• Problem to work on:
Write the data out again, matching every line exactly.

• Data to use:
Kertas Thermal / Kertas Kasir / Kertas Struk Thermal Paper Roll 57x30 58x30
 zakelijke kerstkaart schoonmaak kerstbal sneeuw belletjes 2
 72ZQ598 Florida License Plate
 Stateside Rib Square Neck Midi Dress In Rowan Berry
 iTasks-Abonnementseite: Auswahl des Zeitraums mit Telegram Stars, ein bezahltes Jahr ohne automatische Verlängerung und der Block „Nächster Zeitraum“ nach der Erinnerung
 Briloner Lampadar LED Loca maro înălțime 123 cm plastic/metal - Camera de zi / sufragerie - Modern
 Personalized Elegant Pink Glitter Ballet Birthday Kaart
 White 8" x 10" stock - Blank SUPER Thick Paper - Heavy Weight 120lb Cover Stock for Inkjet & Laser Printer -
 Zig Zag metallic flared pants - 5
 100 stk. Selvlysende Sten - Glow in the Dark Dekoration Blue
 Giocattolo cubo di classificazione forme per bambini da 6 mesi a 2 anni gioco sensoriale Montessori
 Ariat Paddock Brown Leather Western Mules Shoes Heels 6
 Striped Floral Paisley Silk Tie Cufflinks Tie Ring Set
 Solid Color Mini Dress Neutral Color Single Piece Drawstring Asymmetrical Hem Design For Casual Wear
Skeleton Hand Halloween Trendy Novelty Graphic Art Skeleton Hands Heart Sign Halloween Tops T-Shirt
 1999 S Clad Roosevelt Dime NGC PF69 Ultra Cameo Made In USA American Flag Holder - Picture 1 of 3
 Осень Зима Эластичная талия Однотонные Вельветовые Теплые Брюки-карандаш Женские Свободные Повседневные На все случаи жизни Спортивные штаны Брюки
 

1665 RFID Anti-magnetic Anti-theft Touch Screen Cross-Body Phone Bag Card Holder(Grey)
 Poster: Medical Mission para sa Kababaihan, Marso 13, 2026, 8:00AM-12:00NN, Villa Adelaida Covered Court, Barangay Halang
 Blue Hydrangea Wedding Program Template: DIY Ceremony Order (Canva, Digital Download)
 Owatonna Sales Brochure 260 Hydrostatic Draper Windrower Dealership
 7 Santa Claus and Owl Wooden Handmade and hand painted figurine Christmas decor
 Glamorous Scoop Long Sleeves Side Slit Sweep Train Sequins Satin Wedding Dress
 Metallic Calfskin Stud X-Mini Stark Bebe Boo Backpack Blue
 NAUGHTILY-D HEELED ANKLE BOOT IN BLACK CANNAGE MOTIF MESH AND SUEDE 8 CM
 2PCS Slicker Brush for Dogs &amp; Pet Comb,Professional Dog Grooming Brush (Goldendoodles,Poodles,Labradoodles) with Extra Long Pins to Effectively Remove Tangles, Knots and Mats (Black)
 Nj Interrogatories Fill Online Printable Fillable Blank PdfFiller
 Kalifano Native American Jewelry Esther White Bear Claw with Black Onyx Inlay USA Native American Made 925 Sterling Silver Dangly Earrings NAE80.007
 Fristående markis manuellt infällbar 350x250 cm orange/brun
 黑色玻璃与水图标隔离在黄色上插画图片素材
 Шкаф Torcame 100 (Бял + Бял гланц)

• Response to the exercise:
Kertas Thermal / Kertas Kasir / Kertas Struk Thermal Paper Roll 57x30 58x30
 zakelijke kerstkaart schoonmaak kerstbal sneeuw belletjes 2
 72ZQ598 Florida License Plate
 Stateside Rib Square Neck Midi Dress In Rowan Berry
 iTasks-Abonnementseite: Auswahl des Zeitraums mit Telegram Stars, ein bezahltes Jahr ohne automatische Verlängerung und der Block „Nächster Zeitraum“ nach der Erinnerung
 Briloner Lampadar LED Loca maro înălțime 123 cm plastic/metal - Camera de zi / sufragerie - Modern
 Personalized Elegant Pink Glitter Ballet Birthday Kaart
 White 8" x 10" stock - Blank SUPER Thick Paper - Heavy Weight 120lb Cover Stock for Inkjet & Laser Printer -
 Zig Zag metallic flared pants - 5
 100 stk. Selvlysende Sten - Glow in the Dark Dekoration Blue
 Giocattolo cubo di classificazione forme per bambini da 6 mesi a 2 anni gioco sensoriale Montessori
 Ariat Paddock Brown Leather Western Mules Shoes Heels 6
 Striped Floral Paisley Silk Tie Cufflinks Tie Ring Set
 Solid Color Mini Dress Neutral Color Single Piece Drawstring Asymmetrical Hem Design For Casual Wear
Skeleton Hand Halloween Trendy Novelty Graphic Art Skeleton Hands Heart Sign Halloween Tops T-Shirt
 1999 S Clad Roosevelt Dime NGC PF69 Ultra Cameo Made In USA American Flag Holder - Picture 1 of 3
 Осень Зима Эластичная талия Однотонные Вельветовые Теплые Брюки-карандаш Женские Свободные Повседневные На все случаи жизни Спортивные штаны Брюки
 

1665 RFID Anti-magnetic Anti-theft Touch Screen Cross-Body Phone Bag Card Holder(Grey)
 Poster: Medical Mission para sa Kababaihan, Marso 13, 2026, 8:00AM-12:00NN, Villa Adelaida Covered Court, Barangay Halang
 Blue Hydrangea Wedding Program Template: DIY Ceremony Order (Canva, Digital Download)
 Owatonna Sales Brochure 260 Hydrostatic Draper Windrower Dealership
 7 Santa Claus and Owl Wooden Handmade and hand painted figurine Christmas decor
 Glamorous Scoop Long Sleeves Side Slit Sweep Train Sequins Satin Wedding Dress
 Metallic Calfskin Stud X-Mini Stark Bebe Boo Backpack Blue
 NAUGHTILY-D HEELED ANKLE BOOT IN BLACK CANNAGE MOTIF MESH AND SUEDE 8 CM
 2PCS Slicker Brush for Dogs &amp; Pet Comb,Professional Dog Grooming Brush (Goldendoodles,Poodles,Labradoodles) with Extra Long Pins to Effectively Remove Tangles, Knots and Mats (Black)
 Nj Interrogatories Fill Online Printable Fillable Blank PdfFiller
 Kalifano Native American Jewelry Esther White Bear Claw with Black Onyx Inlay USA Native American Made 925 Sterling Silver Dangly Earrings NAE80.007
 Fristående markis manuellt infällbar 350x250 cm orange/brun
 黑色玻璃与水图标隔离在黄色上插画图片素材
 Шкаф Torcame 100 (Бял + Бял гланц)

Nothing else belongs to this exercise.